#### About this exercise
Leaving all pictures out, output exactly and only the line containing "LIKE NEW SONY" and the lines that follow it to the end of the material below.

#### Dataset excerpt

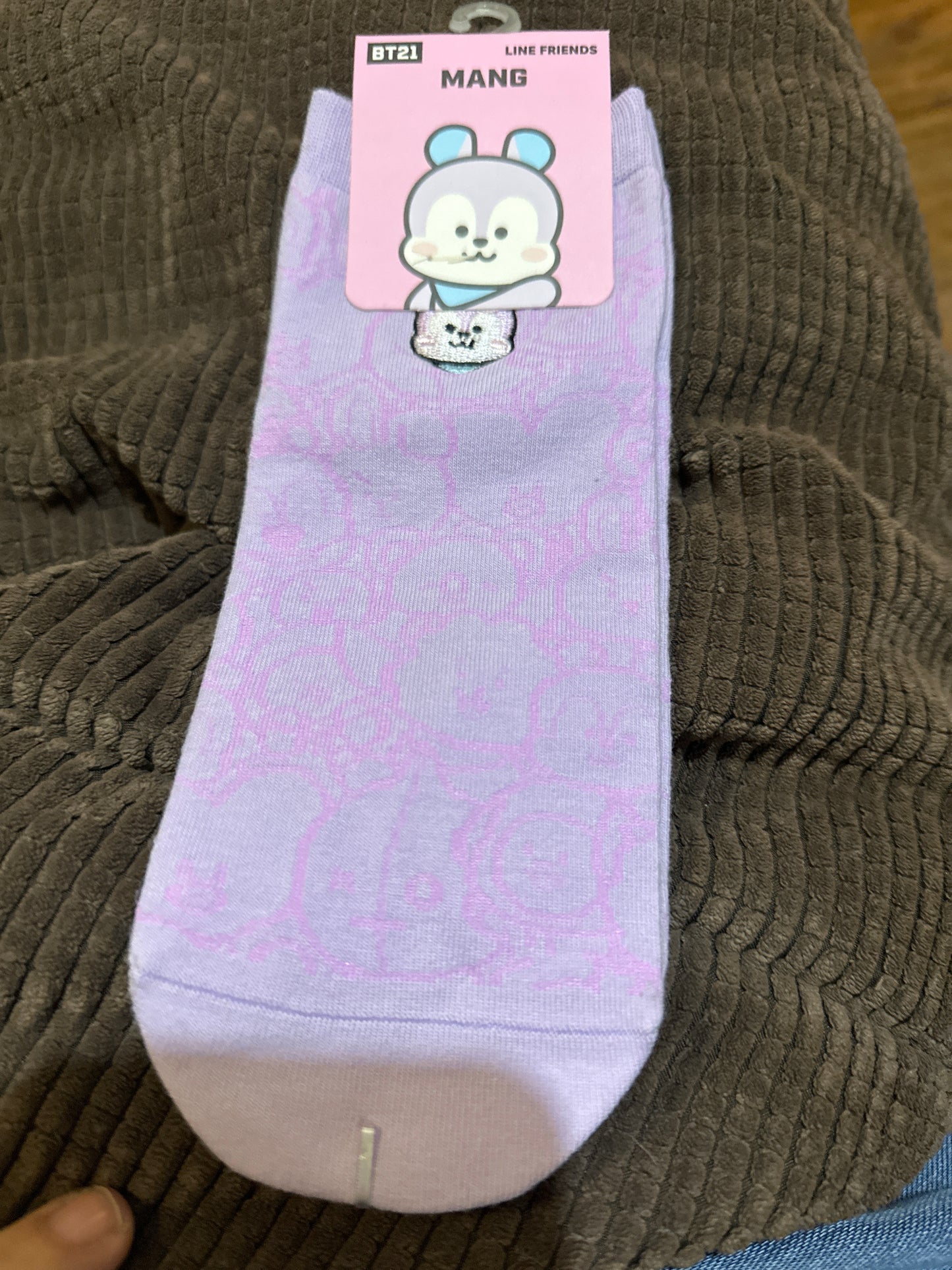 BTS Socks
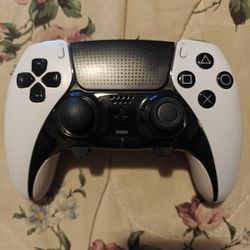LIKE NEW SONY DUALSENSE EDGE PS5 WITH BACK BUTTONS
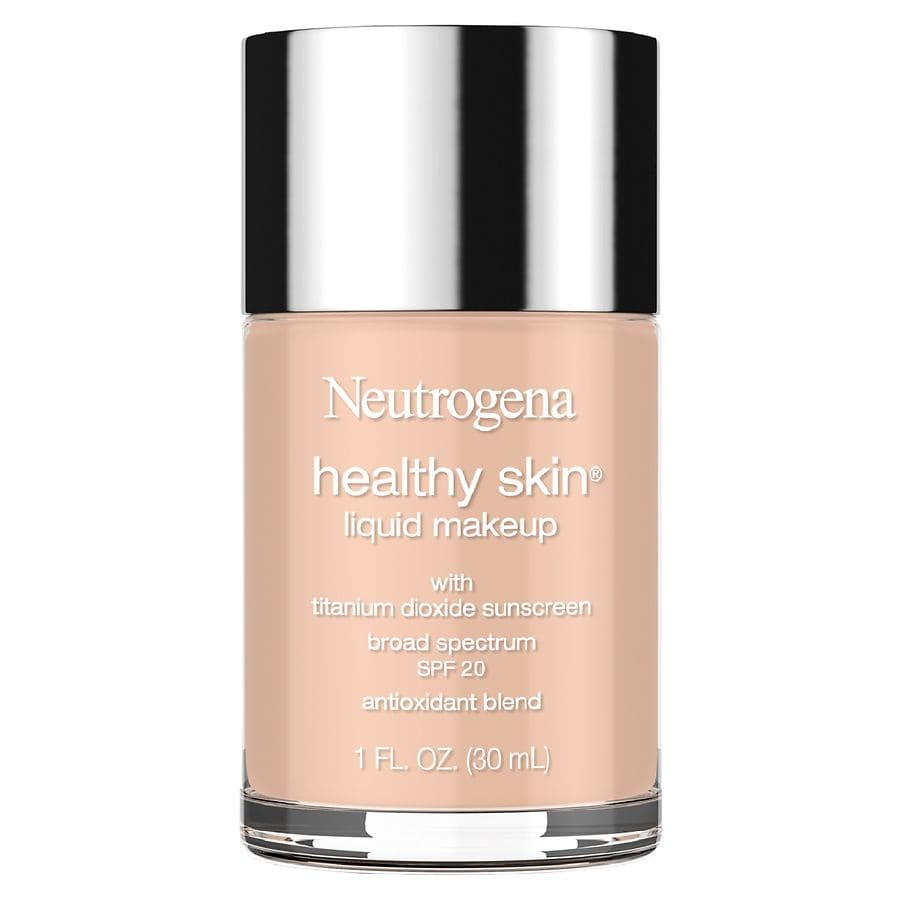 Neutrogena Liquid Foundation, SPF 20, Medium Beige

#### Output for this task
LIKE NEW SONY DUALSENSE EDGE PS5 WITH BACK BUTTONS
 Neutrogena Liquid Foundation, SPF 20, Medium Beige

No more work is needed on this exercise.